Days after surviving a fatal collision with a speeding car, a second-time mom, Tessie Heeter of Fort Collins, Colorado, went into labor.
Her baby was born in the back of her brother’s car on the way to the hospital, yet something wasn’t right: the baby was still inside her sac.
In a personal account that she shared with The Epoch Times, Tessie said her mothering instinct kicked in as she held the newborn in her hands, and she got the tiny life breathing by herself.
A female police officer, whom her brother called from the side of the street to assist, praised her: “You were made for this moment. [The baby] is destined for something great,” she recalled.
At 33 weeks pregnant with her second child in August 2018, Tessie was driving her husband, Jon, to the train station when a 15-year-old with a driver’s permit sped up, ran a red light, and slammed into her car at 65 mph.
“The whiplash I experienced at the time of impact knocked me out,” Tessie said. “I woke up to my husband pushing hair out of my face, and our car horn blaring.”
Tessie had a severe concussion and temporary amnesia. Jon sustained three fractures to the pelvis, three broken ribs, and bruised lungs. Their 17-month-old son, Hart, who had sat almost at the point of impact in his car seat, was not hurt.
Good Samaritans rallied round to comfort the confused, frantic parents and usher them into ambulances. The terrified mother wondered whether these selfless strangers were “angels.”
“Someone slipped my wallet and phone to the paramedics,” Tessi said. “Someone held my hand as they strapped me in a neck brace and lifted me into one of many ambulances.

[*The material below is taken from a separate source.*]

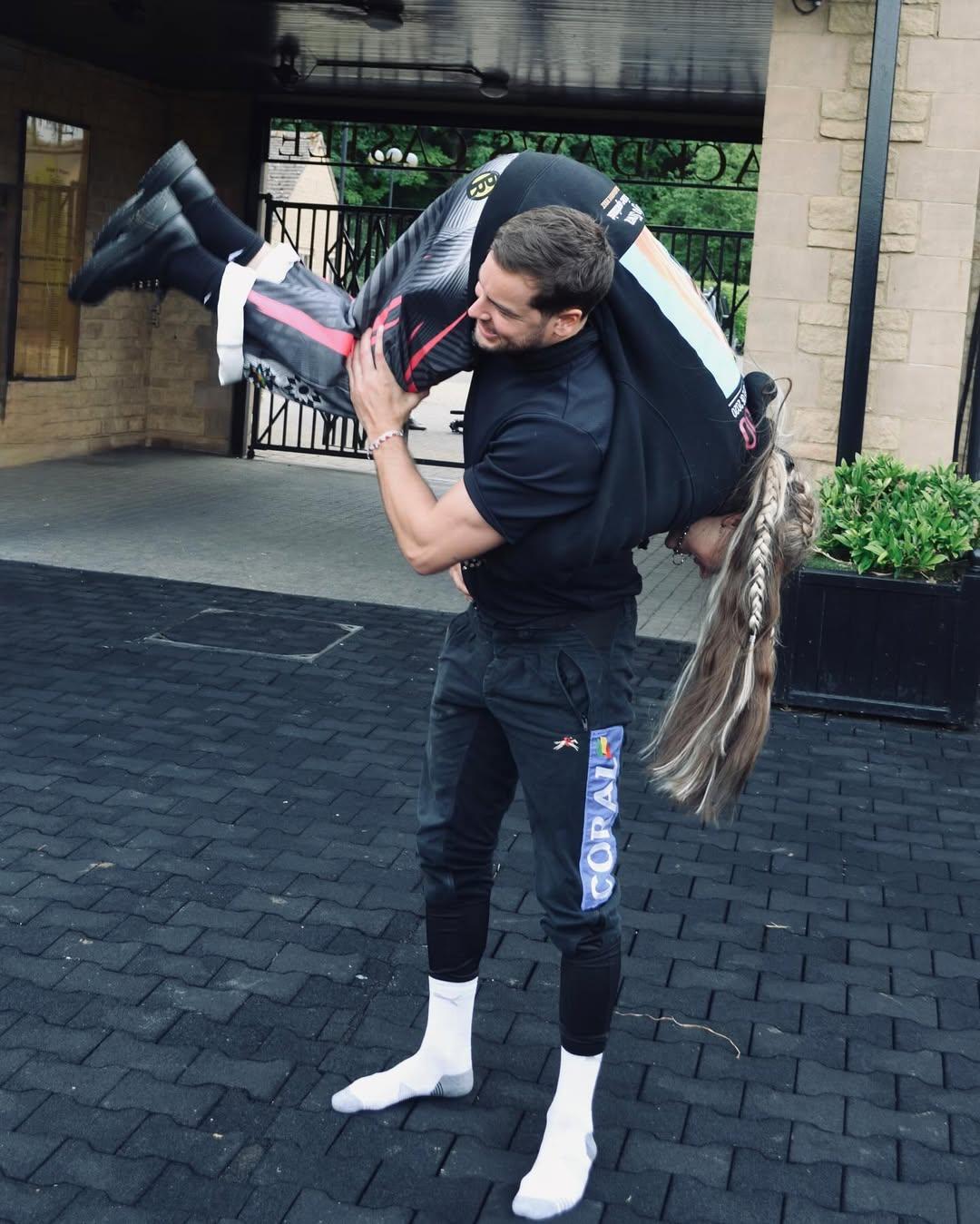 Chris Hughes holds Jojo Screas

“We never found out who any of those strangers were, but they’ll forever be a part of my story, and I’ll never stop being grateful for unselfish humans.”

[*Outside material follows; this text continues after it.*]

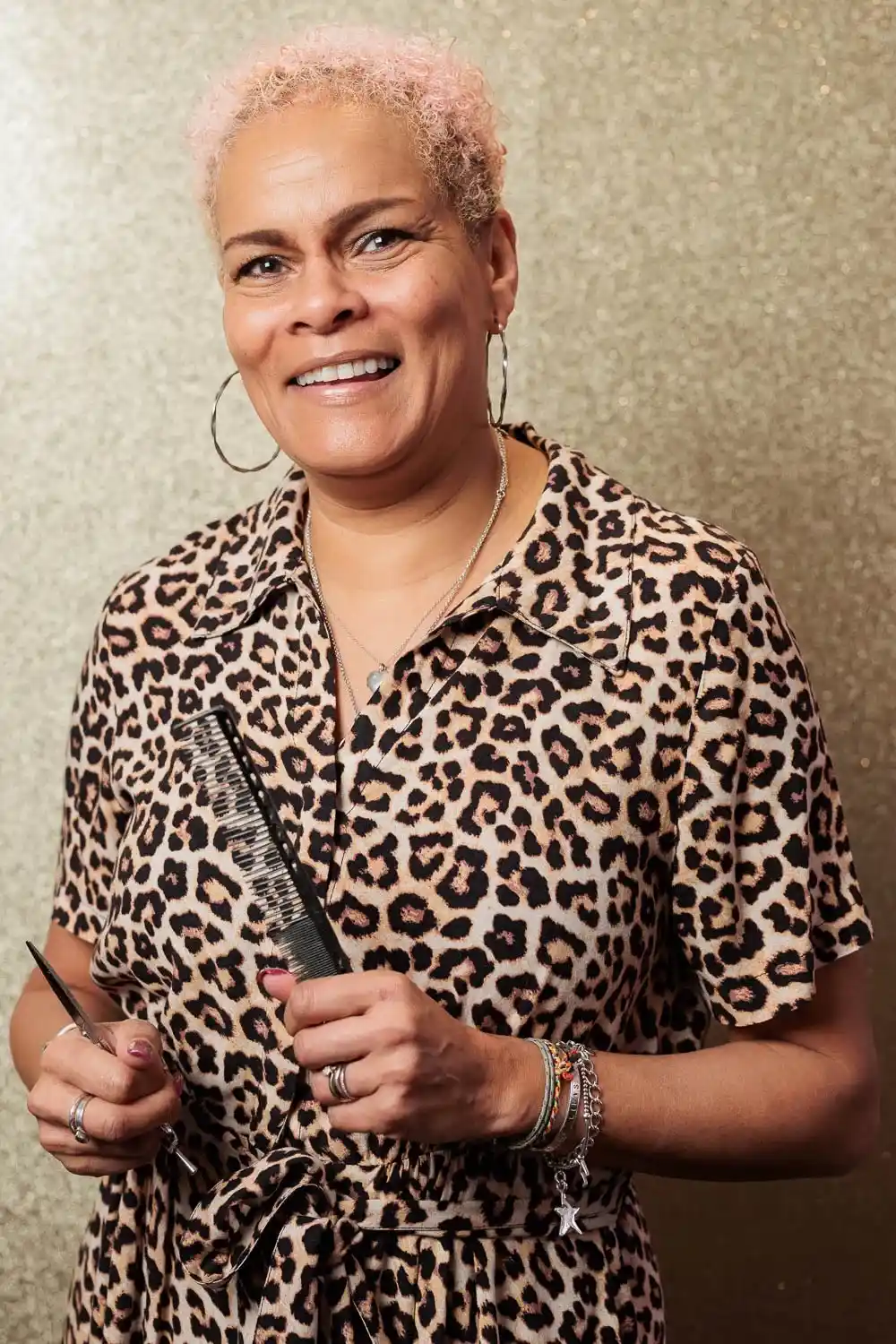 Hairstylist Chris Grimley wearing a leopard print blouse and holding hair tools.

In the ambulance, the paramedics asked her her name and the state she was from, but she couldn’t recall a thing. Tessie recalled experiencing a “strange internal panic” when she realized she didn’t know her name.
“[It’s] the one thing you have been responding to since before you understood words—how could that escape you?” she said. “When they asked me if I was pregnant, I said, ‘No, I wish,’ even as they used a Doppler to try and locate my baby’s heartbeat.”
The staff couldn’t find the baby’s heartbeat while in ambulance, but after Tessie arrived at the hospital, nurses were able to detect the unborn baby’s heartbeat. And Tessie learned that she had gone into preterm labor.
“I was given medication to slow my contractions to around ten minutes, and they sent me home,” she said.
The couple later learned that two little girls in the oncoming car had also been injured. The teenage driver lived with aunts and cousins, and his mom worked multiple part-time jobs.
“Throughout the course of the whole ordeal, I felt compassion for this boy,” she said. “It was likely that he was responsible for driving the girls to school because no one else could, even being 15 and driving an uninsured vehicle.”
After she was discharged, Tessie visited Jon in hospital; but three days after the accident, her contractions became unbearable.
Tessie called her brother, Logan, who lived about 20 minutes away. Diving into the back seat of his car as he pulled up, she begged him to hurry to the hospital.
But her baby couldn’t wait.
Feeling the urge to push, Tessie removed her shorts and the baby slipped into her hands. Yet the “something warm” she pulled to her chest wasn’t a baby: it was the amniotic sac.
Something instinctual clicked for Tessie.
“I pulled the film until it broke, and saw big blue eyes staring up as street lights flashed above us,” she recalled. “I knew there should be crying, movement, signs of life, but this little thing just kept blinking at me.”
She realized the baby couldn’t breathe.
“I put my mouth over this impossibly small mouth and nose, and sucked the fluid out of the baby’s lungs,” she said. “I didn’t have a blanket, so I slipped this small body under my tank top, and the sweet thing latched.”
It was then she could see that her baby was a girl.
Pulling off the highway, Tessie’s brother hailed a police officer who leapt into the back seat. Seeing that Tessie was shaking from the adrenaline, the officer comforted her with affirmations, and told her that “the baby was safe.”
Unlike in her first disorienting ambulance ride, Tessie rejoiced on the way to the hospital. Tessie believes that after all the trauma her family had gone through in those few days, their newborn baby daughter was the redemption, the light at the end of the dark tunnel.
Born seven weeks early, baby Nell spent 36 days in the NICU with IV fluids and a feeding tube but came out fighting strong. Her father, while still learning to walk again, was besotted with his baby girl. Back home, so was Nell’s big brother, Hart.
Almost three years on, the Heeters are now a happy family of five. Tessie jokes that, during her third pregnancy, she made it to the hospital with her baby, a boy named Whit.
Sharing her growing kids’ progress on Instagram, Tessie describes Hart as “so tender and perceptive” at 4. Sassy Nell thinks she’s a “grown woman at 2,” and Whit, aged 1, is the “snuggliest boy” his mother could ever have dreamed of.
“I just feel so thankful that this wild ride had such a movie plot ending,” she said. “I will never stop being grateful that we were given another shot to live a simple life.”